_How to complete this task_
Retype exactly the lines of the listing below from the one with "Home security concept." through the last, both included, and leave every picture out.

_Data block_
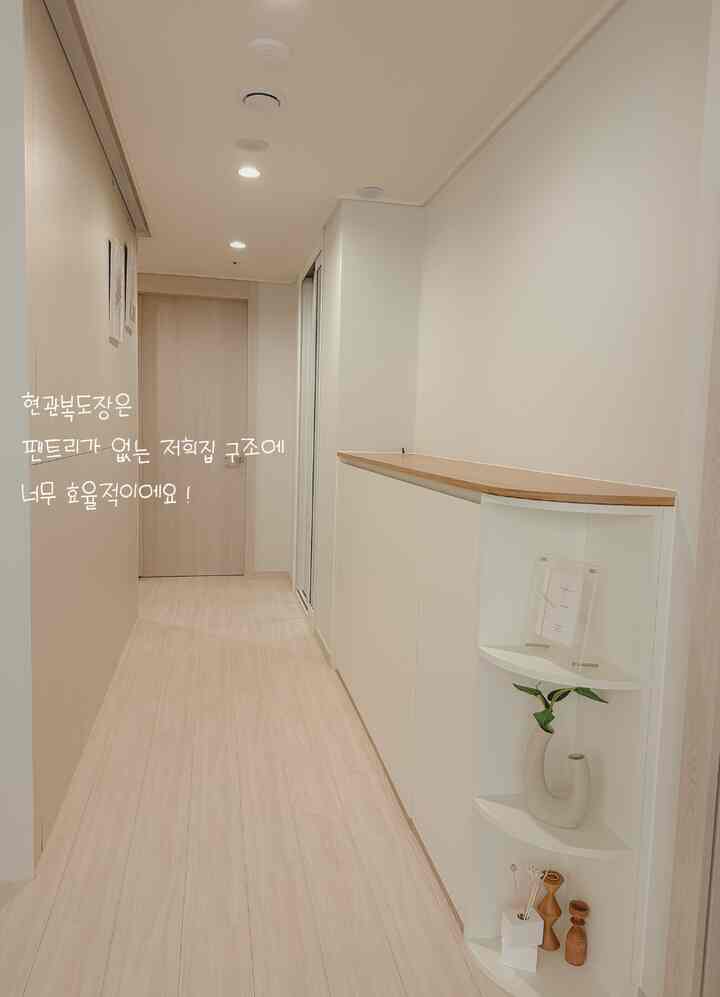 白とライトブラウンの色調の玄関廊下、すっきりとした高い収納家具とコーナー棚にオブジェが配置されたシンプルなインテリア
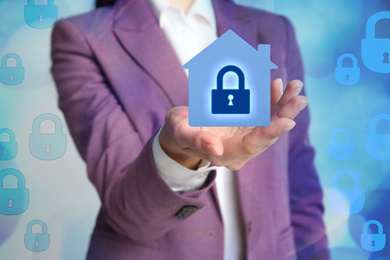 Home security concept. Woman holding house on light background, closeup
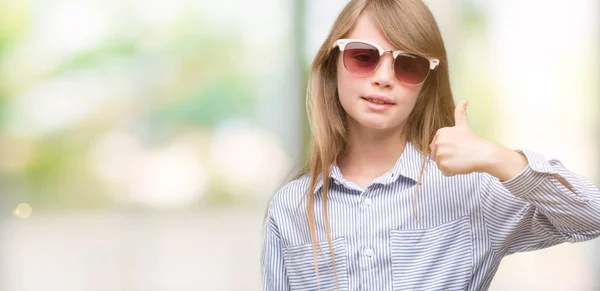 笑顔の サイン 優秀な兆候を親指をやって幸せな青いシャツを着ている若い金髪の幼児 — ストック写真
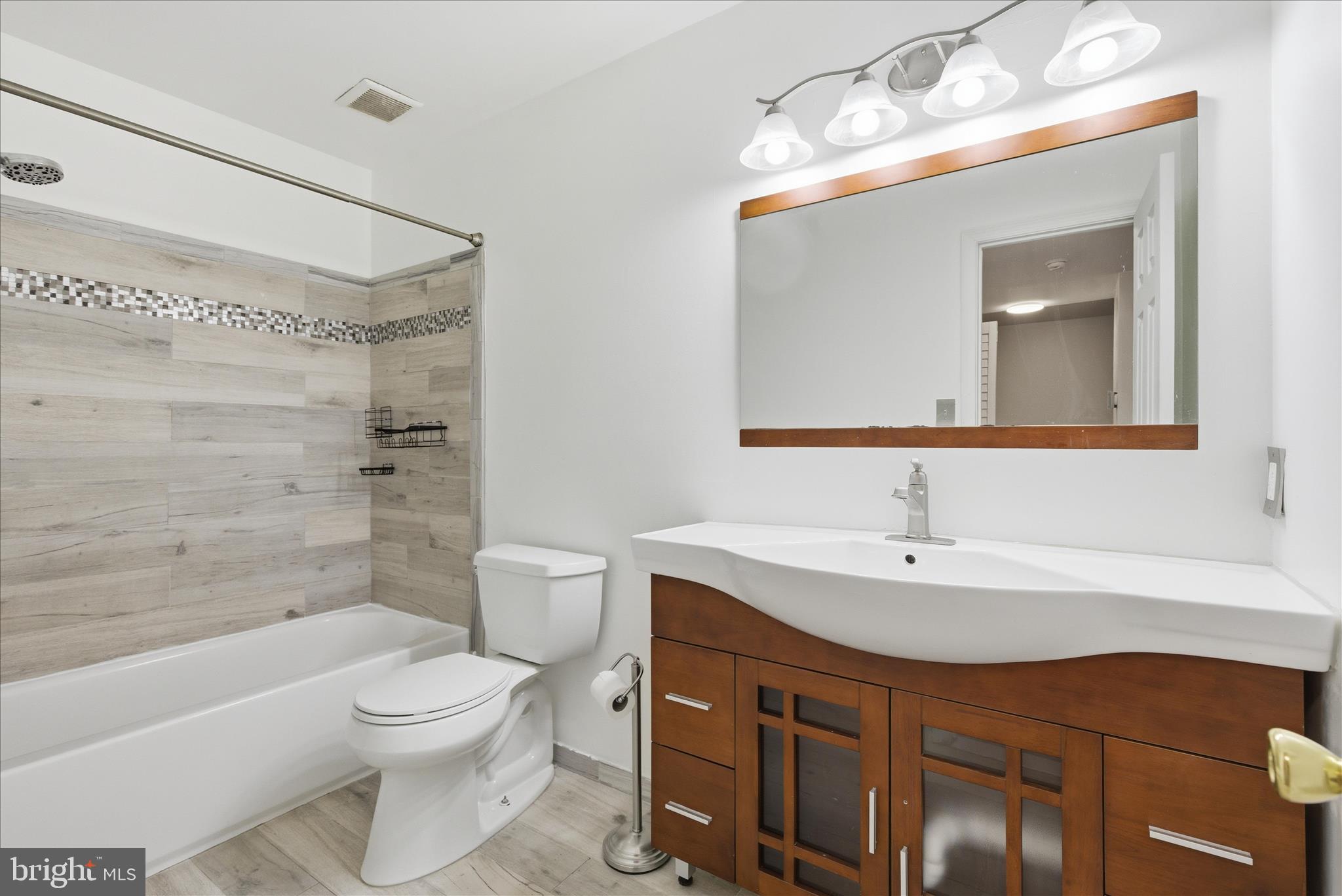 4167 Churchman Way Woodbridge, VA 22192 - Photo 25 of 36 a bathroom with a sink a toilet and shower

_Result_
 Home security concept. Woman holding house on light background, closeup
 笑顔の サイン 優秀な兆候を親指をやって幸せな青いシャツを着ている若い金髪の幼児 — ストック写真
 4167 Churchman Way Woodbridge, VA 22192 - Photo 25 of 36 a bathroom with a sink a toilet and shower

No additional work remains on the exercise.